After transferring from Xavier to Maryland, Dez Wells was able to become one of the more productive Terps in recent memory. His tough, fearless playing style along with his impact in every facet of the game has made Wells the face of Mark Turgeon's teams the last three years. The only downside of having such a versatile, effective player is replacing him when he graduates. This is exactly what Maryland will try to do in the 2015-2016 season.
Not only did Wells find a new home as a Terrapin, but he became Maryland's leading scorer each of his first two seasons at College Park. Despite averaging 14 points, 2.6 assists, and 4.6 rebounds in his first two seasons, Wells was unable to lead Mark Turgeon's squad to the NCAA Tournament in his sophomore or junior season. Entering his senior season, with his coach feeling pressure from a hungary fan base, Dez Wells took on a role that will be hard for Maryland to replace.
In his senior season, Dez Wells was determined to get back to the NCAA tournament, where he hadn't been since reaching the Sweet 16 in his freshman season at Xavier. He was also looking to take a Maryland program to the big dance for the first time since 2010. With freshman guard Melo Trimble arriving on campus, Wells finally had the help he needed to push Maryland toward the top of the Big Ten. While it was his first year at Maryland not leading the Terps in scoring, Wells still averaged 15 points, 5 rebounds, and 2.8 assists. Wells also brought a senior leadership to Maryland that was much needed.

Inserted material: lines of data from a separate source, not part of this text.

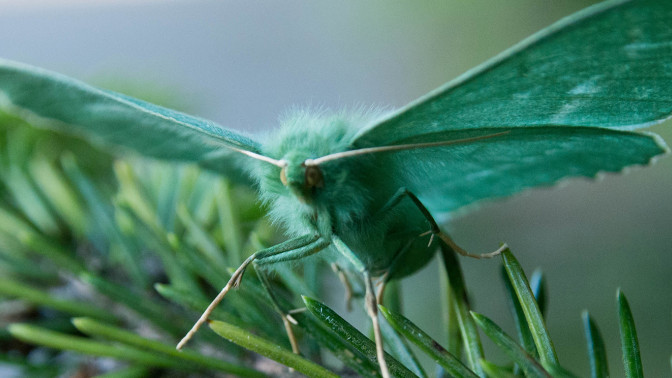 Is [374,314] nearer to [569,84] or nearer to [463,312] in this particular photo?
[463,312]

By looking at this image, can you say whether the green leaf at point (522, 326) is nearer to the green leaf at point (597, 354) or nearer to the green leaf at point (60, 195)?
the green leaf at point (597, 354)

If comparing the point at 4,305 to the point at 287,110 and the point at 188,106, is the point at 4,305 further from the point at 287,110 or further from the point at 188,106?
the point at 188,106

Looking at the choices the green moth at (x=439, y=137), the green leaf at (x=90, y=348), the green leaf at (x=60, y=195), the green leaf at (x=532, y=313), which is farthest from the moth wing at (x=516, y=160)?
the green leaf at (x=60, y=195)

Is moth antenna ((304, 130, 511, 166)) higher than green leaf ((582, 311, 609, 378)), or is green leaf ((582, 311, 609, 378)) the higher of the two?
moth antenna ((304, 130, 511, 166))

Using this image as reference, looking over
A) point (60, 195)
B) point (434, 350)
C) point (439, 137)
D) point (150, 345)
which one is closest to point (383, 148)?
point (439, 137)

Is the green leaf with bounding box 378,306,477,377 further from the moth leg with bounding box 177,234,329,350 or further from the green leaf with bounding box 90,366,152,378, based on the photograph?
the green leaf with bounding box 90,366,152,378

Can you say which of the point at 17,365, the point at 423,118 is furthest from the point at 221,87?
the point at 423,118

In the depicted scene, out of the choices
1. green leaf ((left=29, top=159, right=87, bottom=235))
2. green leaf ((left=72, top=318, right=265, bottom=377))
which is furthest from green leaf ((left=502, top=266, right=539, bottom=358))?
green leaf ((left=29, top=159, right=87, bottom=235)) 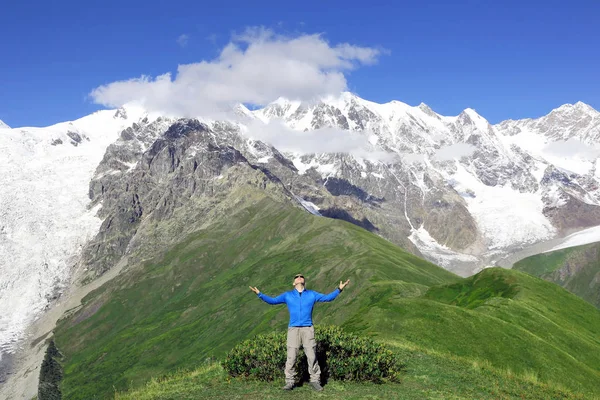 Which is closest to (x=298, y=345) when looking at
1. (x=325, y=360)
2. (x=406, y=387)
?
(x=325, y=360)

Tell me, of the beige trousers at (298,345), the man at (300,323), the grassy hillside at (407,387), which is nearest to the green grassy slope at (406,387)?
the grassy hillside at (407,387)

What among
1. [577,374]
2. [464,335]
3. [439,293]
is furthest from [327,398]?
[439,293]

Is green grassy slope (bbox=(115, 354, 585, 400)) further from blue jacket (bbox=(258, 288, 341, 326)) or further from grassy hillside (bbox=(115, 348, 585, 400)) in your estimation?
blue jacket (bbox=(258, 288, 341, 326))

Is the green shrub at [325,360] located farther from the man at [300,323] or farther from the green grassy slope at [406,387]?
the man at [300,323]

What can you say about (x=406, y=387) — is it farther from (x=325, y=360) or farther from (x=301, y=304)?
(x=301, y=304)

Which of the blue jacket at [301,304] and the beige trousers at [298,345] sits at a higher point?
the blue jacket at [301,304]

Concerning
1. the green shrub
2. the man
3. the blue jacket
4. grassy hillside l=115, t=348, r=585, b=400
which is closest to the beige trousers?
the man

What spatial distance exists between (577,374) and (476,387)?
122 feet

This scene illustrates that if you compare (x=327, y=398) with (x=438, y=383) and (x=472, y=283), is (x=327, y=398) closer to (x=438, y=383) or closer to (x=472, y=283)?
(x=438, y=383)

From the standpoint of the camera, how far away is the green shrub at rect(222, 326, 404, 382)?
3128 cm

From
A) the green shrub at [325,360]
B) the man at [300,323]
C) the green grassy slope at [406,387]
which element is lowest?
the green grassy slope at [406,387]

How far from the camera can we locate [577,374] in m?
64.8

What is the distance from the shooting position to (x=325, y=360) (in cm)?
3170

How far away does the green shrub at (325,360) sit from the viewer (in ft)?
103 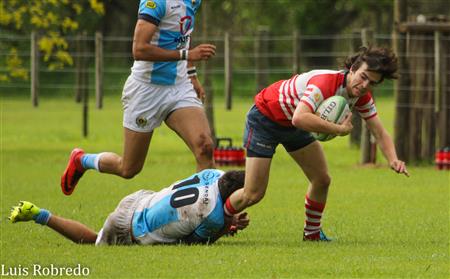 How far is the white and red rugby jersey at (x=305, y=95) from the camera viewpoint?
1025cm

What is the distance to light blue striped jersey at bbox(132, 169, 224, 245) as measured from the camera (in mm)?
10469

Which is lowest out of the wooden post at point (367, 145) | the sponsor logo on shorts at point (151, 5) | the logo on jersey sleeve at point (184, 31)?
the wooden post at point (367, 145)

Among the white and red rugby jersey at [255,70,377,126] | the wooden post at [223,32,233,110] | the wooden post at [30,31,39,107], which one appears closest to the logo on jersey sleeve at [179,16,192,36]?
the white and red rugby jersey at [255,70,377,126]

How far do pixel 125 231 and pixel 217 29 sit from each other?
1799 inches

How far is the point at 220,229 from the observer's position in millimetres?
10609

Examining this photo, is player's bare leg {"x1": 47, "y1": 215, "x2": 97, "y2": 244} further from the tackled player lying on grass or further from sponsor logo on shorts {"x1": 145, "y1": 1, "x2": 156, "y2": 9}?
sponsor logo on shorts {"x1": 145, "y1": 1, "x2": 156, "y2": 9}

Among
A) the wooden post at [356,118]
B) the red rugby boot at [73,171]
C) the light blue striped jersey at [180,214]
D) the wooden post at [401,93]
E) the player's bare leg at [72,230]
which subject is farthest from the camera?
the wooden post at [356,118]

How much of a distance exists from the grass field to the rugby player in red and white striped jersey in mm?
418

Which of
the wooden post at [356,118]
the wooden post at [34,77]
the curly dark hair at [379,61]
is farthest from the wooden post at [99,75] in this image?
the curly dark hair at [379,61]

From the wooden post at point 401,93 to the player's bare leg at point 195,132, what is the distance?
9.34 m

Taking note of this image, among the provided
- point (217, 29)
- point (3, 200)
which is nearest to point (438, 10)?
point (217, 29)

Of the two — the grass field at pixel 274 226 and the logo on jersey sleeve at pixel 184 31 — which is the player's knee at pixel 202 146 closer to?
the grass field at pixel 274 226

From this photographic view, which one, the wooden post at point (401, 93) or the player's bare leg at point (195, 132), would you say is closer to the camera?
the player's bare leg at point (195, 132)

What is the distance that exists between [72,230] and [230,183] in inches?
53.5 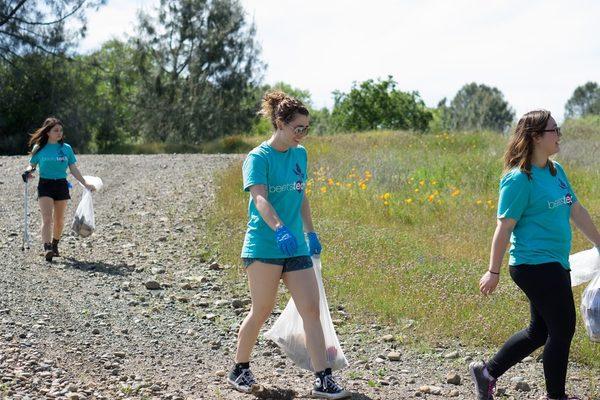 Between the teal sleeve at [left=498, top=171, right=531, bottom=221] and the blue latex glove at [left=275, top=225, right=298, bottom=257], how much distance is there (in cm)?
111

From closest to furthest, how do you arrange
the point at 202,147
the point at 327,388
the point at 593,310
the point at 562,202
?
the point at 562,202
the point at 593,310
the point at 327,388
the point at 202,147

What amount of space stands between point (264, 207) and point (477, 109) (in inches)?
1551

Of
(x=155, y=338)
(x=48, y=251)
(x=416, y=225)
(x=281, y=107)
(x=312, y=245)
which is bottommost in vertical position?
(x=155, y=338)

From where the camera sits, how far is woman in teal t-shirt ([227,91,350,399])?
544 centimetres

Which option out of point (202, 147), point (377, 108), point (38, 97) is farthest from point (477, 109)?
point (38, 97)

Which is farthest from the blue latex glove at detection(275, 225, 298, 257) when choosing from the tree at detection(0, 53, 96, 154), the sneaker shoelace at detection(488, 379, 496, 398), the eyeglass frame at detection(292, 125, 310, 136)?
the tree at detection(0, 53, 96, 154)

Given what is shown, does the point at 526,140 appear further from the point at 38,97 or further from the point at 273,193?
the point at 38,97

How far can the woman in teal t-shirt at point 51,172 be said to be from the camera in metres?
11.0

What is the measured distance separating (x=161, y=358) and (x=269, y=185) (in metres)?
2.05

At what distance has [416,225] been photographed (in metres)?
12.8

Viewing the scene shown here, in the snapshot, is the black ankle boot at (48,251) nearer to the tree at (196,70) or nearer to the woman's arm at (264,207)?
the woman's arm at (264,207)

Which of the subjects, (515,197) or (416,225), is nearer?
(515,197)

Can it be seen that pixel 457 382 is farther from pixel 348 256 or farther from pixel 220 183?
pixel 220 183

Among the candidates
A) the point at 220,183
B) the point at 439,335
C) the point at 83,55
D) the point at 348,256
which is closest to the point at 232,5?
the point at 83,55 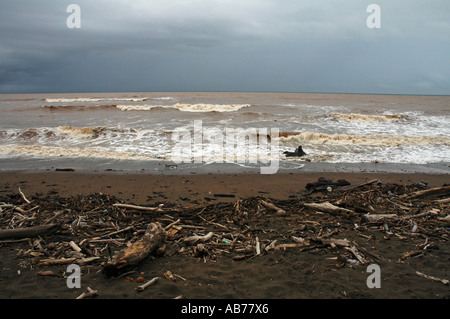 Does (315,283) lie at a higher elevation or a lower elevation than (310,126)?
lower

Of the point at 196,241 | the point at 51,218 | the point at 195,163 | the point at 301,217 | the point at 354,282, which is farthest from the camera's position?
the point at 195,163

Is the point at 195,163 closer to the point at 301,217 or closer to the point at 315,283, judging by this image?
the point at 301,217

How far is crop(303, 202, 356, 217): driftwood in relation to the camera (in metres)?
4.84

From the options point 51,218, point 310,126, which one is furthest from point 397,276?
point 310,126

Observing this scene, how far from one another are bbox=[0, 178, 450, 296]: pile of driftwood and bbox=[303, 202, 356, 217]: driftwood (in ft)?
0.05

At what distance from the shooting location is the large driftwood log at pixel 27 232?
3.94 m

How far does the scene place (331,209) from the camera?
16.3 ft

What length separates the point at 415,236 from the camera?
13.4ft

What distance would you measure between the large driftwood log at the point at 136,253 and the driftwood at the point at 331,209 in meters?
2.75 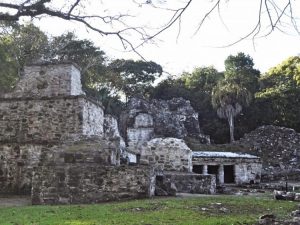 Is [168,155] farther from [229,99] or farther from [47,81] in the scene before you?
[229,99]

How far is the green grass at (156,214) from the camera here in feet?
25.4

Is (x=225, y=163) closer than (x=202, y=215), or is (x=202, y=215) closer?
(x=202, y=215)

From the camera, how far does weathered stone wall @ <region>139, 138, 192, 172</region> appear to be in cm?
1694

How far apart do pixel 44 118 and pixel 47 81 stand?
1.76m

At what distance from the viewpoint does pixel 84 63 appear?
33531mm

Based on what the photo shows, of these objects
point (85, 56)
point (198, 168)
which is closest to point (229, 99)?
point (85, 56)

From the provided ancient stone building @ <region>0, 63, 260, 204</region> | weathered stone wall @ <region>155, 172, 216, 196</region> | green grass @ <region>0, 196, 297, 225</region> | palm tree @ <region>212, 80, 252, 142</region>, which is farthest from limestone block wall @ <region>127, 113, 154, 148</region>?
green grass @ <region>0, 196, 297, 225</region>

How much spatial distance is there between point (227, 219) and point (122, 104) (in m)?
33.8

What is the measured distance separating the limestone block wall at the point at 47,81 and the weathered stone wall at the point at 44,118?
56 centimetres

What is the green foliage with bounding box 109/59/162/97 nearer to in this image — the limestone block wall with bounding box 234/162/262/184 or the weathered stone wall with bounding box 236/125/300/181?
the weathered stone wall with bounding box 236/125/300/181

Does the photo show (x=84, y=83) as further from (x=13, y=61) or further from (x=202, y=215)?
(x=202, y=215)

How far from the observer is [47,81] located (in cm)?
1719

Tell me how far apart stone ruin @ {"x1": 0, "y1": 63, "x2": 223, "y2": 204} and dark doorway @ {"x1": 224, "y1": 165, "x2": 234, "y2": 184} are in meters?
7.57

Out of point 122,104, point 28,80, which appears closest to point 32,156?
point 28,80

While Wells didn't shoot a ton of threes, but he still hit 51% from deep in his senior season. The other key area the Terps lose with Wells graduating is ball handling. Melo Trimble can't have the ball in his hands the whole game. Wells was able to create offense at times giving Trimble a break. He was also able to take pressure off Trimble defensively by guarding a teams biggest backcourt threat a lot of the time. It will take multiple players to replace the all-around player Dez Wells was for Maryland in his senior season, along with his leadership.
Of course, Mark Turgeon hopes that incoming transfer Rasheed Sulaimon can be a big part of replacing Wells. Sulaimon played 3 seasons at Duke before transferring to College Park. While his role diminished over the last 2 seasons, and he was dismissed from the team half way through the 2014-2015 season, Sulaimon still managed to shoot over 40% during his sophomore and junior season at Duke. What Sulaimon won't be able to replace is the amount of offense Wells created for others. At Duke, Sulaimon was never responsible for creating offense for his teammates at Duke.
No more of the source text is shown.